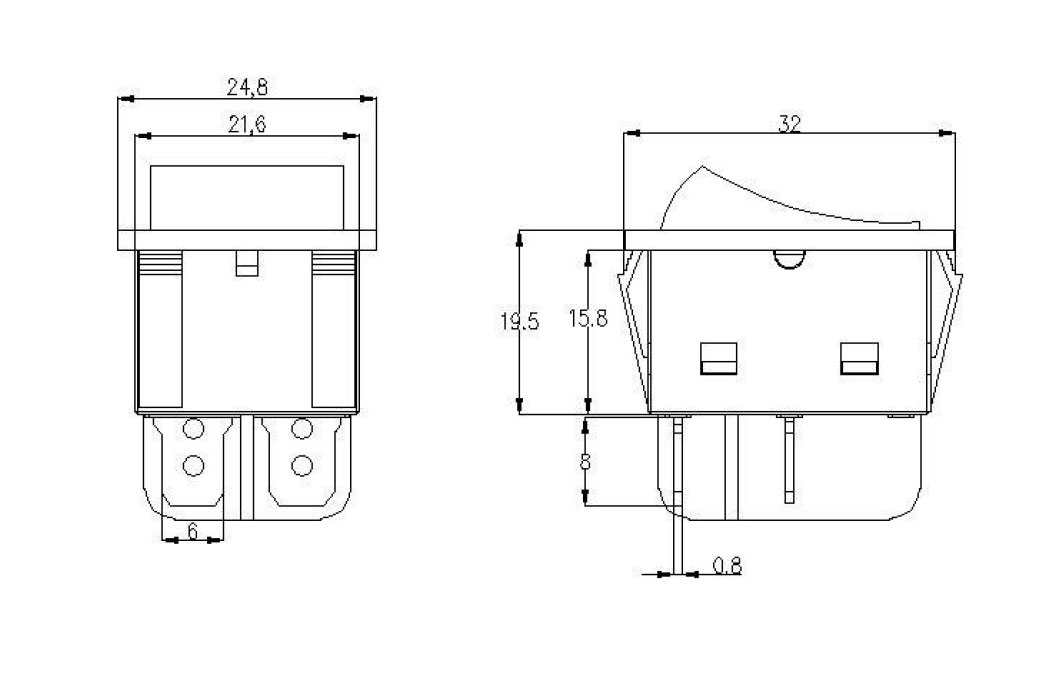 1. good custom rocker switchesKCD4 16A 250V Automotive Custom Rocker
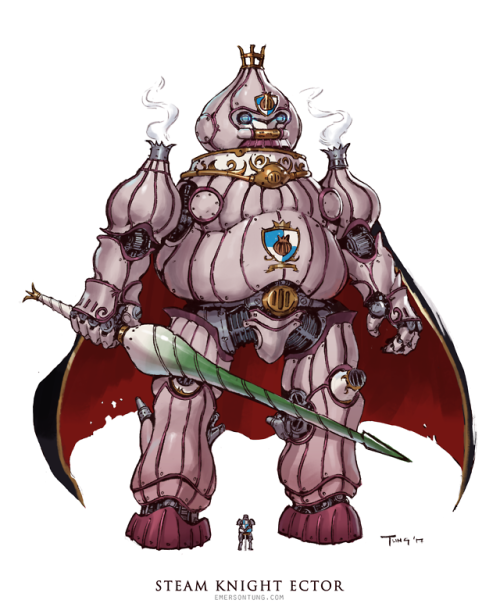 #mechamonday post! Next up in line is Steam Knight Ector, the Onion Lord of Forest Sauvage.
--
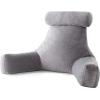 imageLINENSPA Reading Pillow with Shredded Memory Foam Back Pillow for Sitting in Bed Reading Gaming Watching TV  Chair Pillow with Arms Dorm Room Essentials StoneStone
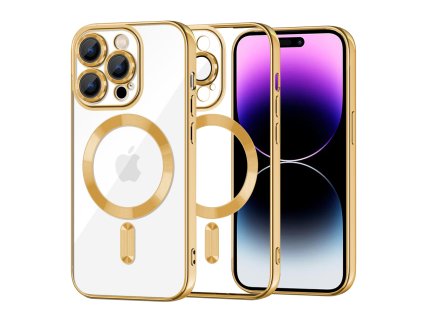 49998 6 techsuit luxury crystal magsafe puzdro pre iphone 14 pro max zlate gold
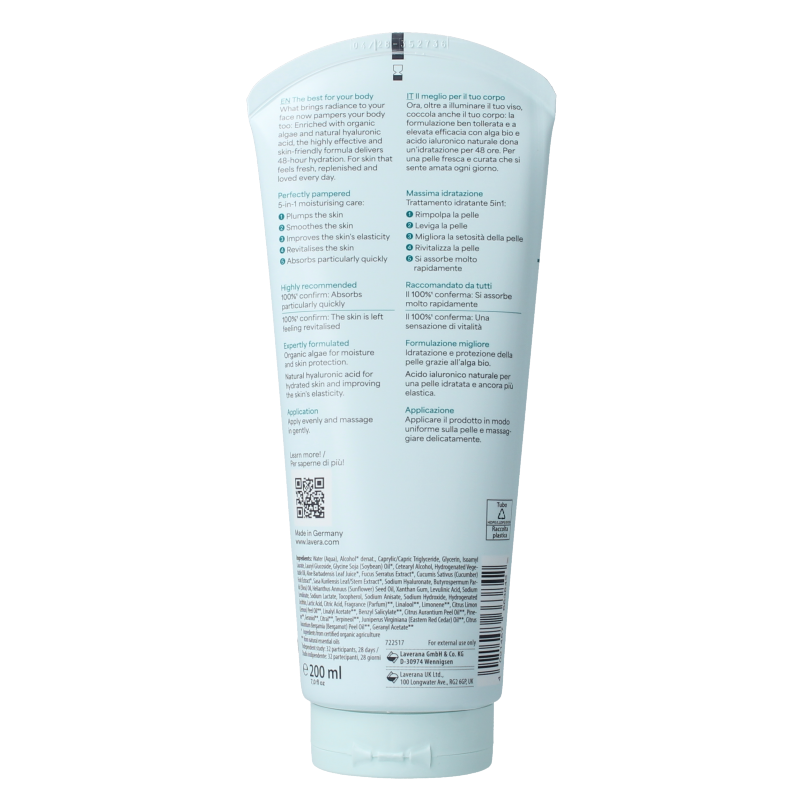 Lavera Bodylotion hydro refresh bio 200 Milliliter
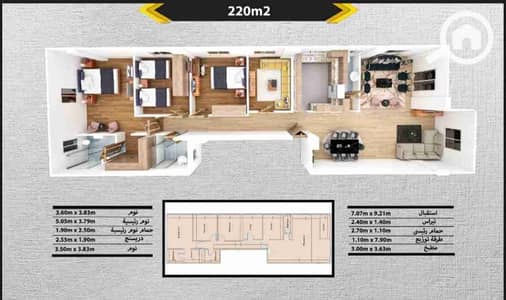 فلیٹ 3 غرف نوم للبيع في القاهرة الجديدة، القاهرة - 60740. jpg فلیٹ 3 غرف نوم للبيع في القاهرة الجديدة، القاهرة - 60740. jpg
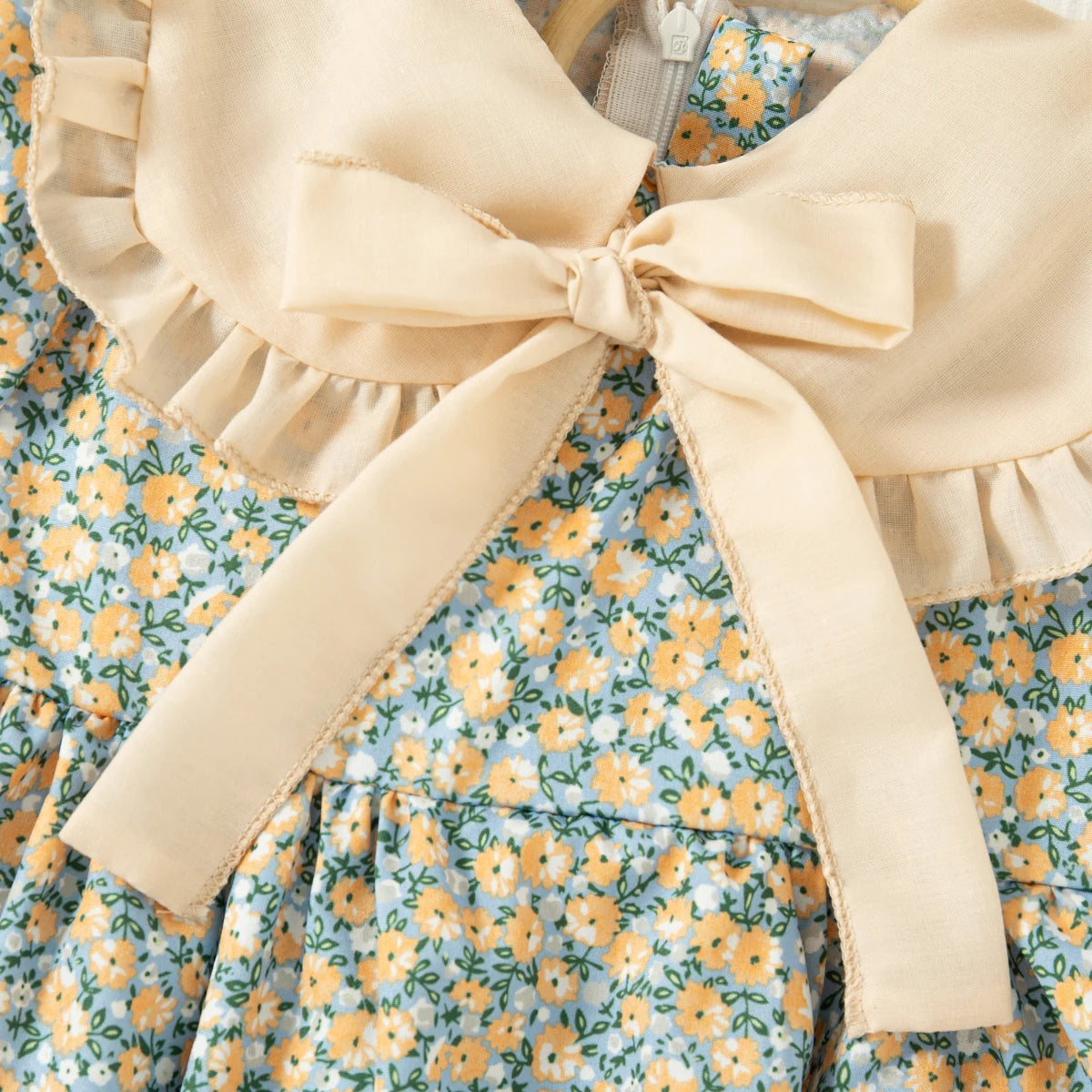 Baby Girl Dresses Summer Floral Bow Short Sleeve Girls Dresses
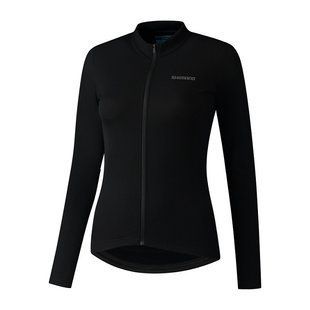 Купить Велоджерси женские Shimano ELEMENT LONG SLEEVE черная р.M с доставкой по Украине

> _Task requirements_
The answer is the lines above from the one with "Baby Girl Dresses" to the one with "Купить Велоджерси женские", set down exactly, with no pictures.

> _Written reply_
 Baby Girl Dresses Summer Floral Bow Short Sleeve Girls Dresses
 Купить Велоджерси женские Shimano ELEMENT LONG SLEEVE черная р.M с доставкой по Украине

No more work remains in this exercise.